I feel ashamed when
–I feel insecure and ask people to reassure me that I really am loved/loveable
–I write my own work (even this) instead of nurturing others
–I remember the big plans and assumption of success I had when I was a girl
–I curse in front of men
–I think about how I got my current job because the school where I teach wanted my husband, and I was a by-product of the transaction
–I promote my work
–a doctor tells me the weight chart shows me as “obese”
–I hope something good happens to me
–I explain to someone that I am not a first class academic citizen because I am not on the tenure track, so I teach more classes and make considerably less money than a “real professor”
–I see my double chin in a photograph of myself
–I tell my lover exactly what I want him to do
–women start talking about fashion and clothes and I look down and realize I’m wearing my Target jeans and comfortable shoes
–I cannot make other people happy
–writers and editors can’t remember my name, even when I’m met them several times
I could go on, as, I think, most of us could.
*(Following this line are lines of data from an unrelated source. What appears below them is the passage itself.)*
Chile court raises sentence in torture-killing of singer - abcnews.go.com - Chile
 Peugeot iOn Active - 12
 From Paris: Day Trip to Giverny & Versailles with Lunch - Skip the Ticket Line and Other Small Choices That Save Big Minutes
It is an awful thing, shame, and even worse when I look at the items on the list in a specific way. My core values include body acceptance, the acknowledgment that all bodies are beautiful and each of us is beautiful right now, as we are. So where’s that acceptance for myself? I also am a feminist, which makes it especially difficult to admit that I worry about my language when I’m around men; I want to be my authentic self whomever I’m with. Money, a prestigious job, fancy clothes? I care far more about people, time, poetry, nature, animals—the way our hearts connect with other hearts and with whatever larger things are out there.
I don’t want to feel ashamed. I don’t want any of you to, either. I want to know I’m a smokin’ hot, voluptuous, sensual woman; a fucking beautiful and smart writer; a teacher whose presence makes her students’ lives better and thereby improves the world; a tender-hearted lover of animals who creates tail-wagging-happiness with every touch of a dog’s furry chin; a human being who triumphs every day by just getting out of bed; a sensitive and vulnerable person who is—goddamn it—ALLOWED to ask for others to reassure and adore her, because this life is a hell of a hard thing for us all.
I don’t know how to overcome these feelings. Saying what I did in the above paragraph helps—studies show that you can re-route your brain through affirmations, for real. But we all have to fight the constraints put on us by culture, family, and ourselves. I believe that just saying it—sharing our feelings and thoughts, naked like this—is a vital part of the battle.